The state should publicly report districts' distribution of teacher talent among schools to identify inequities in schools serving disadvantaged children.

Meets a small part of goal
Suggested Citation:
National Council on Teacher Quality. (2013). Equitable Distribution: Georgia results. State Teacher Policy Database. [Data set].
Retrieved from: https://www.nctq.org/yearbook/state/GA-Equitable-Distribution-22

Analysis of Georgia's policies

Providing comprehensive reporting may be the state's most important role for ensuring the equitable distribution of teachers among schools. Georgia reports little school-level data that can help support the equitable distribution of teacher talent.

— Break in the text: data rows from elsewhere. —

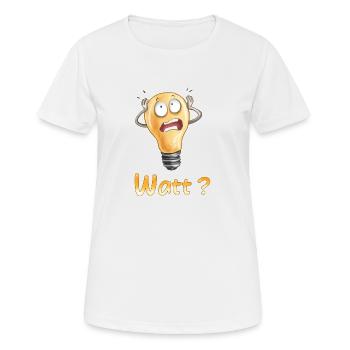 watt - Frauen T-Shirt atmungsaktiv - Weiß - Vorne - AI Model Female 172 dark (172cm)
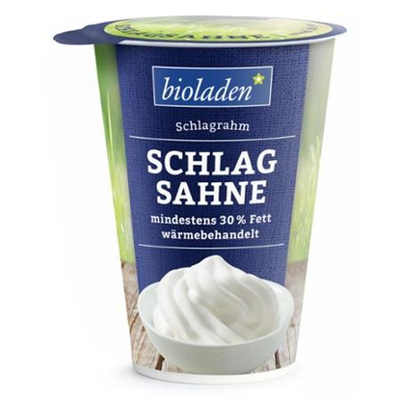 Produktfoto zu Schlagsahne 30% Fett 200g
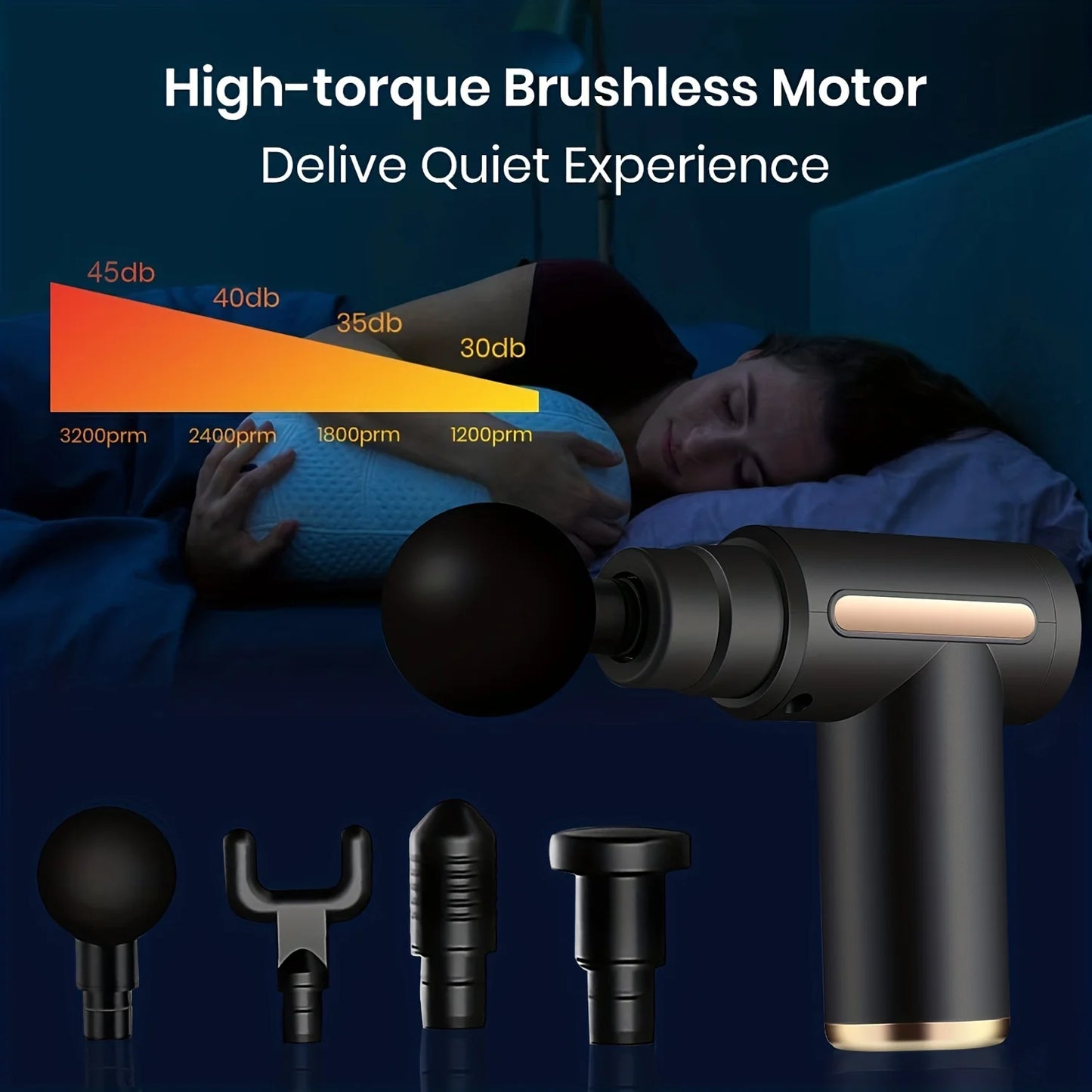 Portable Fascia Gun Vibration Massage Gun For Body Neck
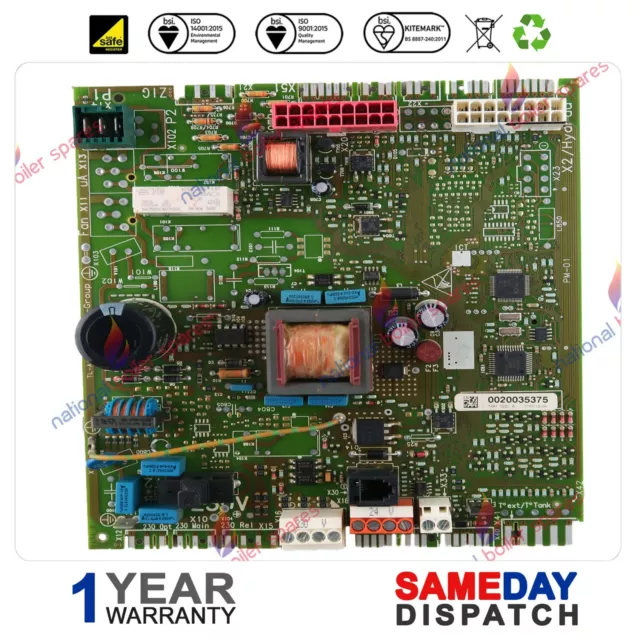 Saunier Duval Thema Condens F18E Sb & F24E Sb Boiler Pcb 0020018478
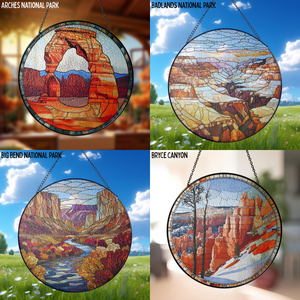 Famous Location Suncatcher Stained Glass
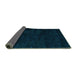 Sideview of Abstract Turquoise Modern Rug, abs5155turq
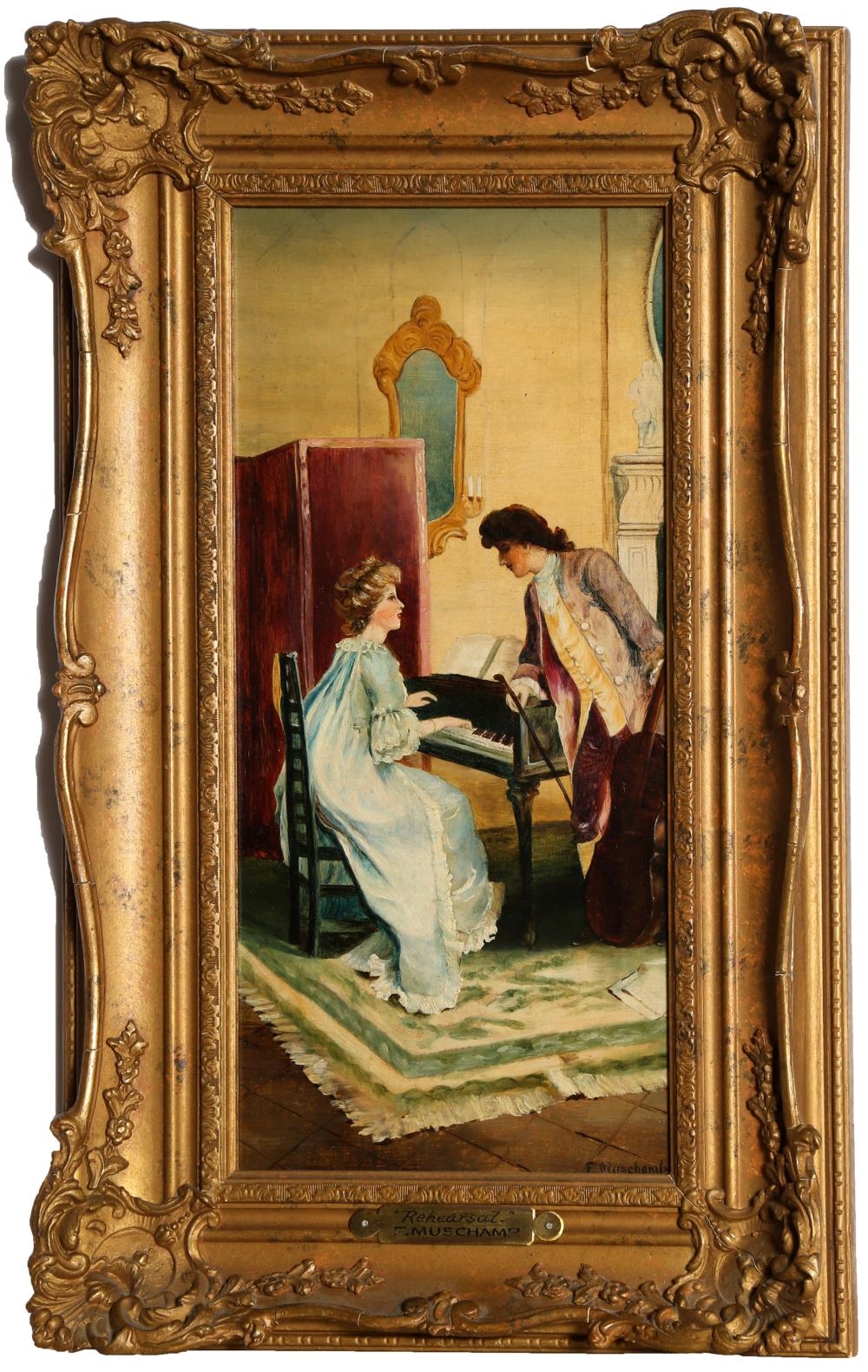 Francis Sydney Muschamp | Francis Sydney Muschamp (Circa 1880) | MutualArt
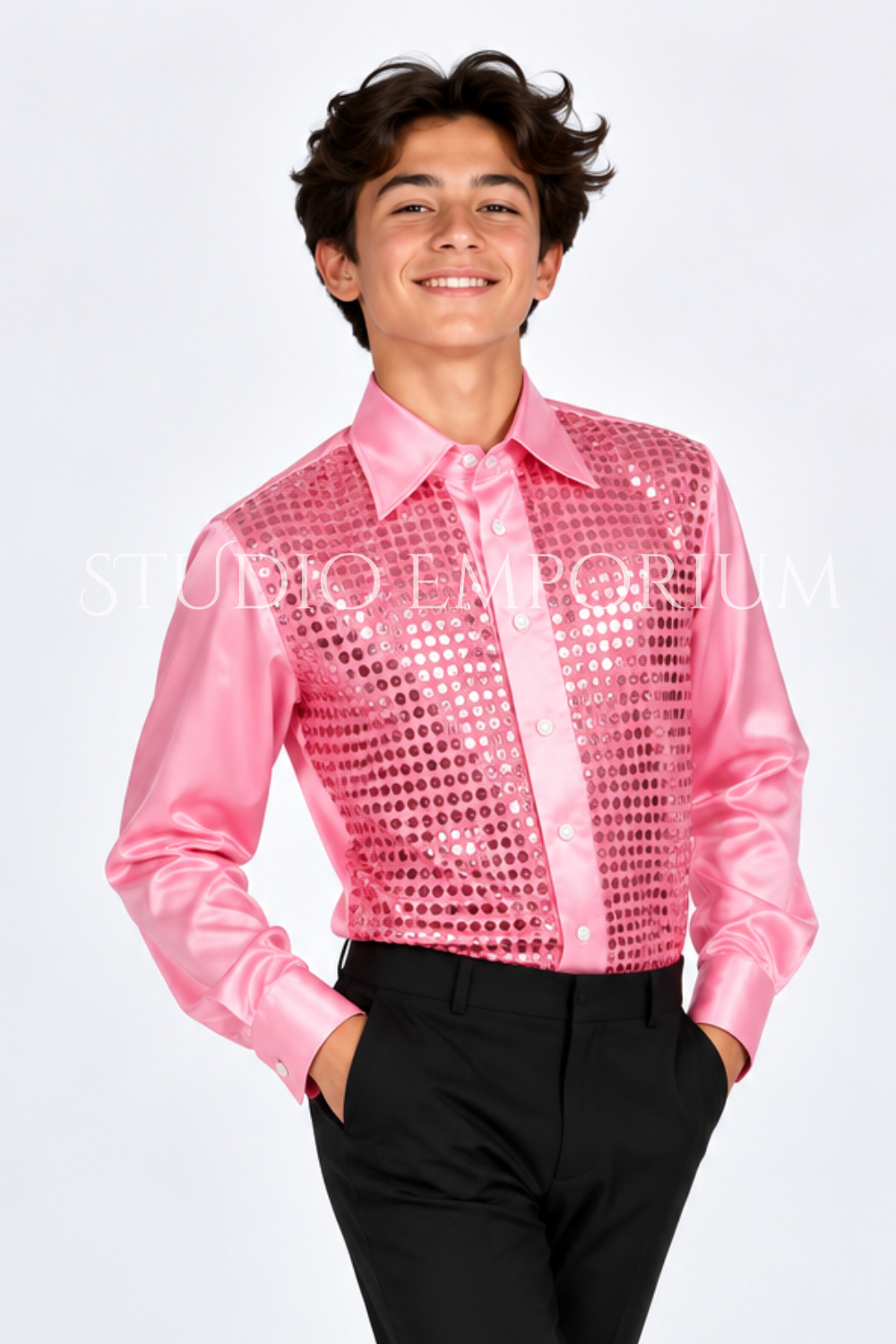 Sequin Collar Shirt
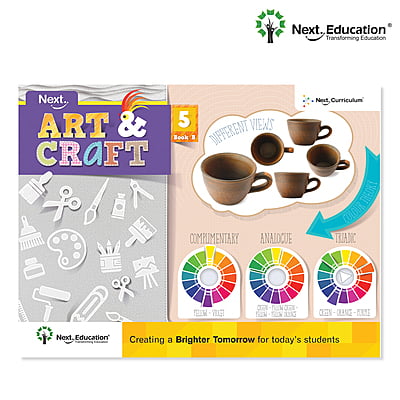 Art and craft Level 5 Book A and B craft items with material board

Georgia does not require districts to publicly report aggregate school-level data about teacher performance, nor does the state collect and publicly report most of the other data recommended by NCTQ. Georgia does not provide a school-level teacher-quality index that demonstrates the academic backgrounds of a school's teachers and the ratio of new to veteran teachers. The state also does not report on teacher absenteeism or turnover rates.  

The state reports on the percentage of teachers on emergency credentials, the average years of teacher experience and the percentage of highly qualified teachers. Commendably, these data are reported for each school, rather than aggregated by district. When reporting the percentage of highly qualified teachers, the state identifies schools with poverty levels in the high or low quartile.

Citation

Recommendations for Georgia

Report school-level teacher effectiveness data.  Georgia should make aggregate school-level data about teacher performance—from an evaluation system based on instructional effectiveness—publicly available. Given that Georgia requires teacher evaluations to be based to a significant extent on evidence of student learning (see Goal 3-B), such data about the effectiveness of a school's teachers can shine a light on how equitably teachers are distributed across and within school districts.  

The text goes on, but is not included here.